The program also involves other approaches to early-childhood education that are almost unthinkable in the United States: They require that 4-7 year olds walk to and from their school bus stops unaccompanied by parents in order to help establish a sense of independence and self-confidence (one parent admits to following her child the first week, dodging from bush to bush to avoid detection!). Children are trained to use swiss army knives to whittle sharp points on sticks when needed. Campfires burn regularly, and students are trained to light the tinder and tend the fires. Students are not necessarily kept in view of teachers, one of whom casually notes “I usually know where they (the students) generally are in the woods, but I often can’t see them”. Finally, students are not asked to read or write during their time in the program.
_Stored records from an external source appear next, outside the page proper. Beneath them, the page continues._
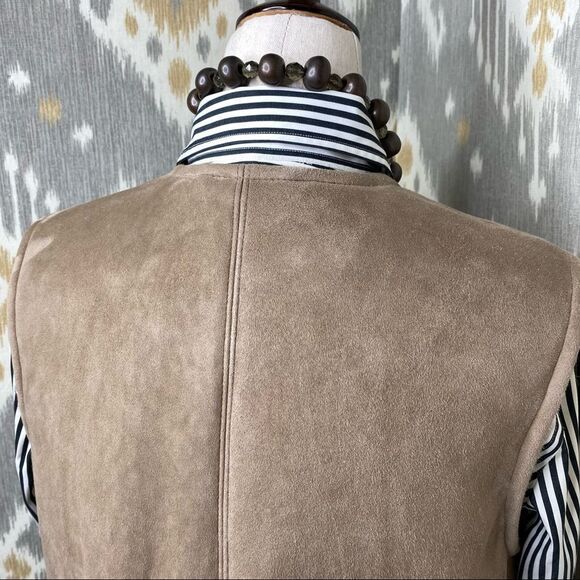 Ralph Lauren Long-Line Italian Lamb Shearling Vest - Picture 4 of 16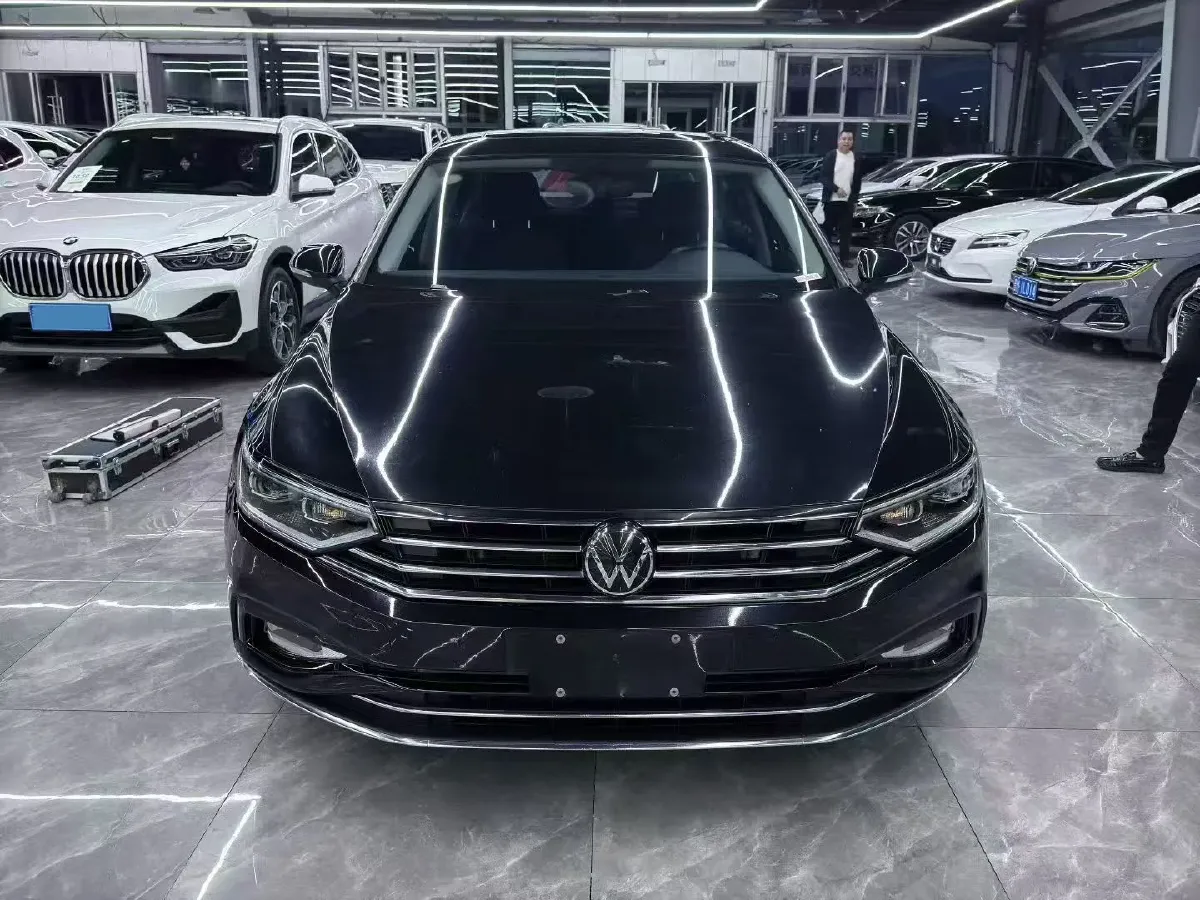 2020 Volkswagen Magotan 2.0T 186HP L4 7DCT,autocango,china used car exporter,china ev exporter,chinese used car exporter,chinese used ev exporter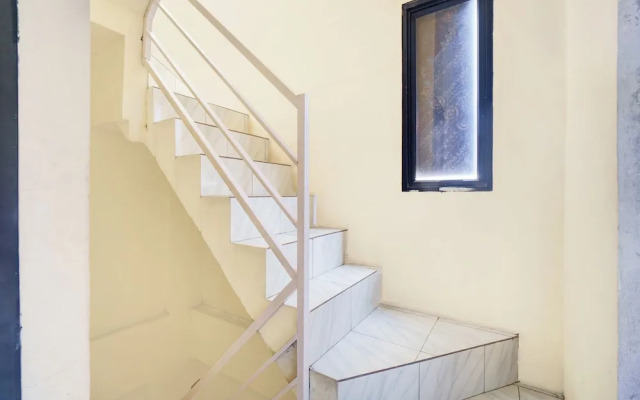 OYO 94502 Helloroom Bangka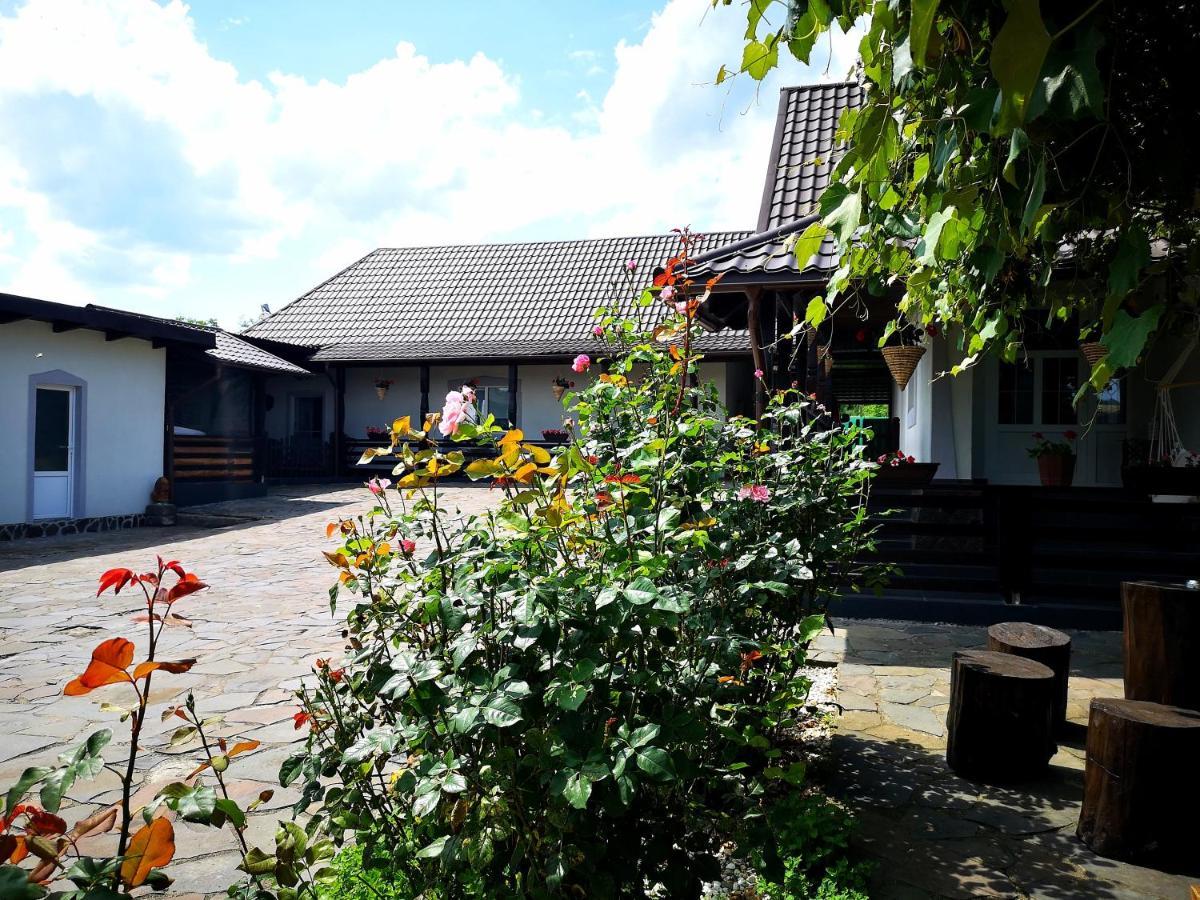 La Dory Apartamento Satu Sugatag Exterior foto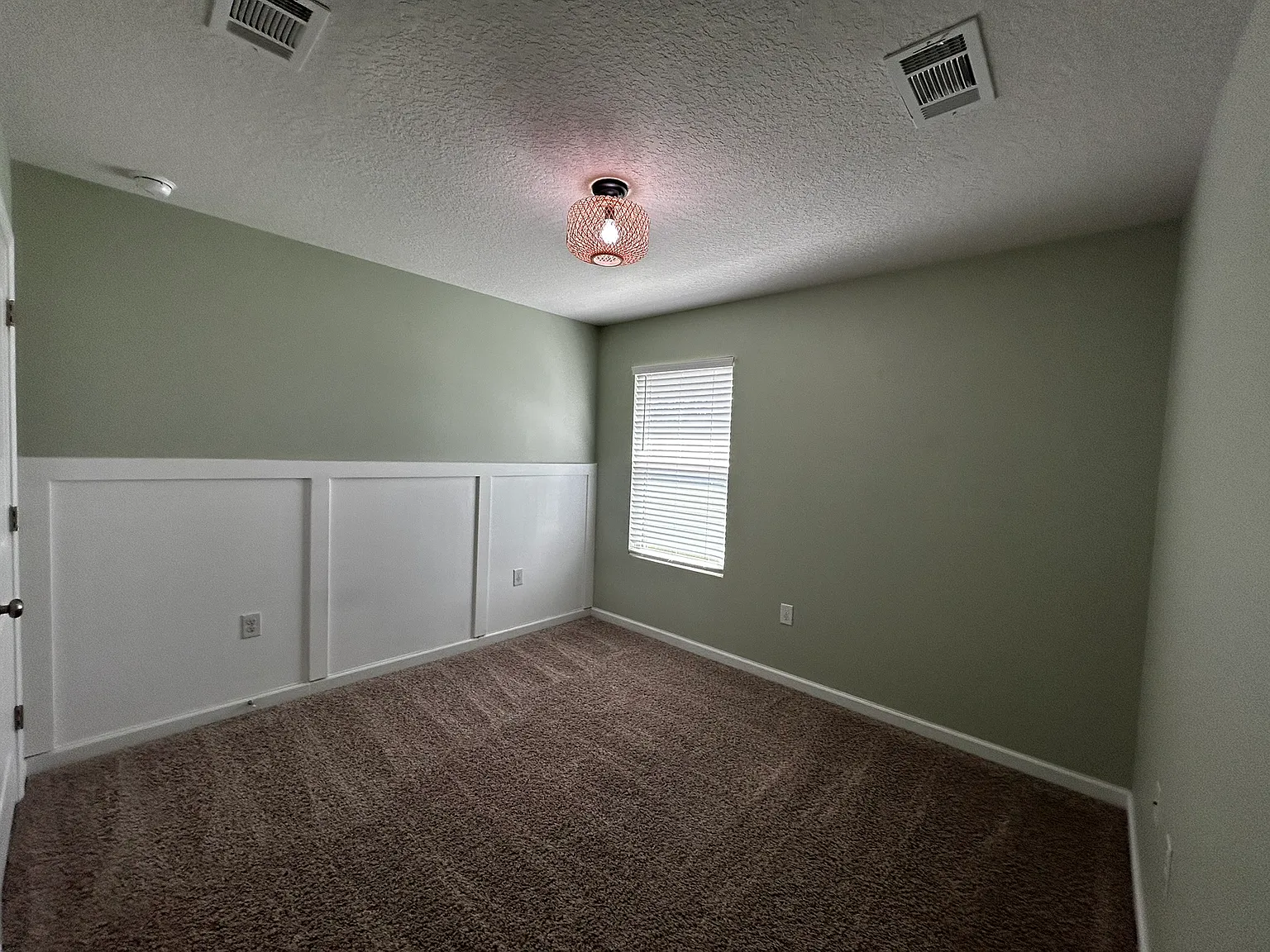 4 bed, 1747 sqft, $2,000 — Photo 4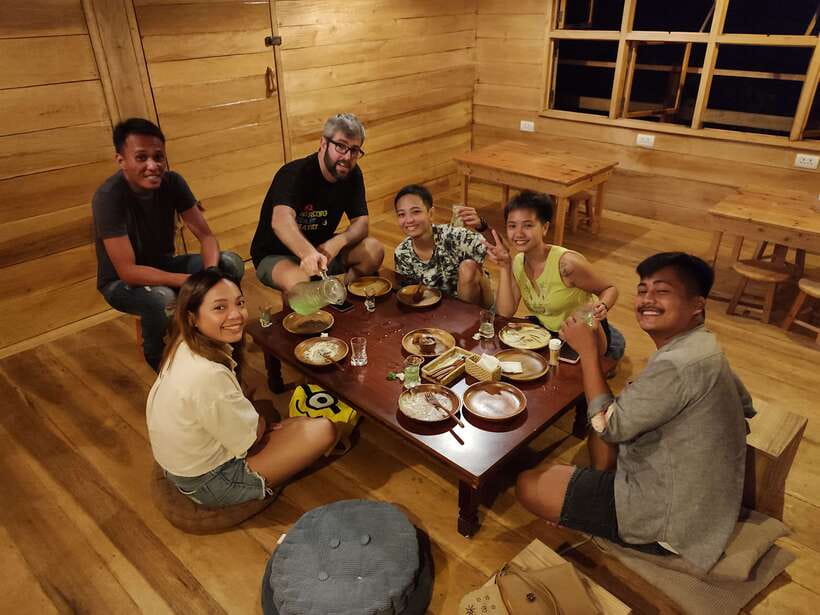 Panglao Bohol Island: Alona Beach Pub Crawl with Drinks - The Social Factor: Meeting People From All Over the World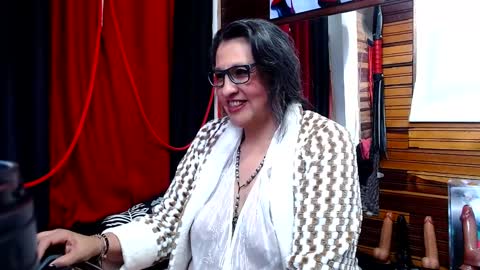 Snapshot of merlyna_goldens chatting on December 19, 9:29 am My next birthday is December 11th. online show from December 19, 9:29 am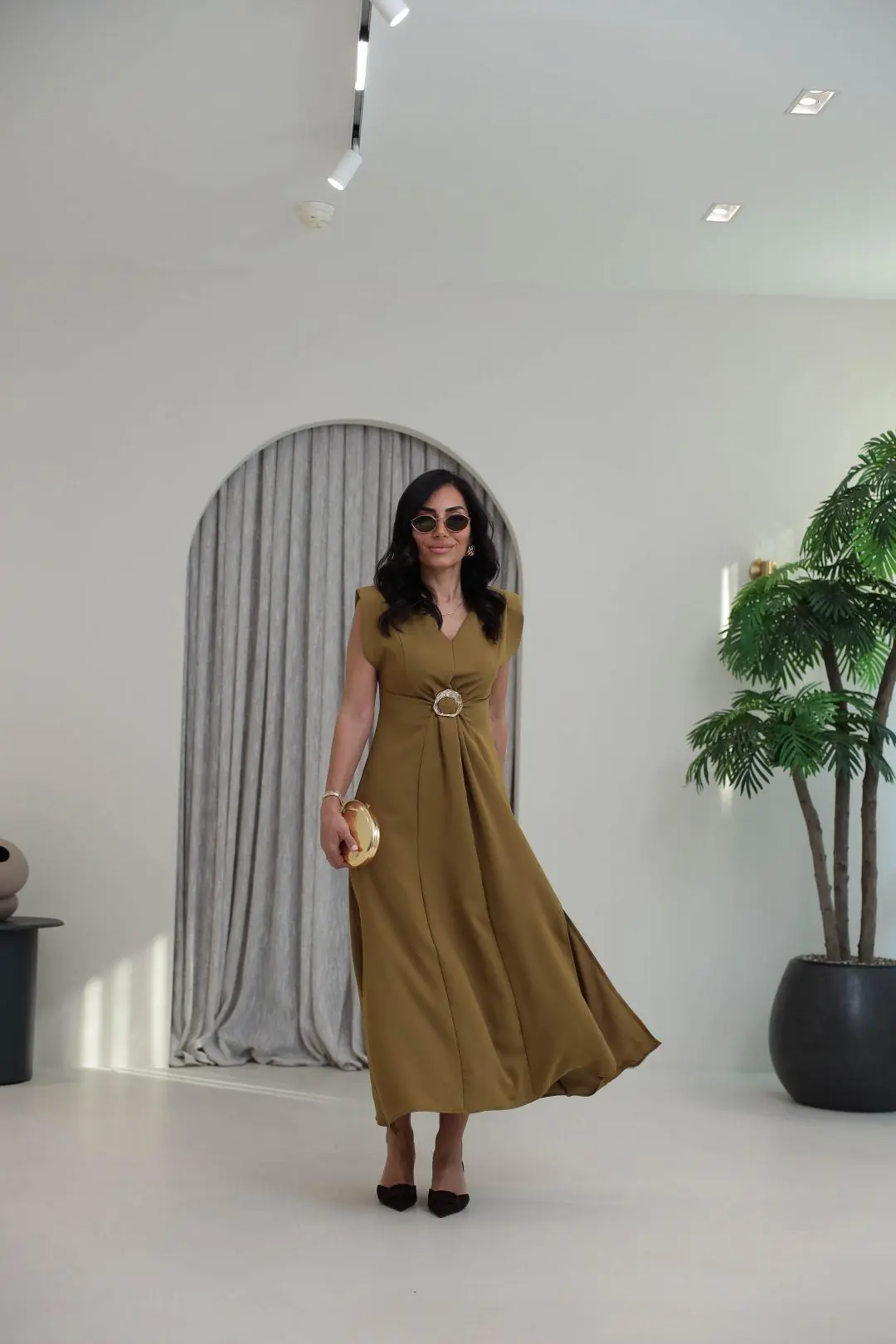 3865 V Yaka Gold Tokalı Maxi Elbise OLİVE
As a matter of fact, reading and writing are not formally taught to any Swiss children until after age 7! (And yes... they do catch up quickly with earlier readers and writers.)
The Randolph School is not a Waldkindergarten, but we could not help but come away from the movie inspired, impressed, and feeling good about our own deep commitment to the outdoor classroom. Our daily, extended interactions with nature at Randolph are part of the foundation of competence, confidence and independence we believe is so important for our students. We know that every log we climb over, every stone we overturn, and every puddle or stream we prod and stir with a stick helps build our sense of curiosity and our understanding of the world around us.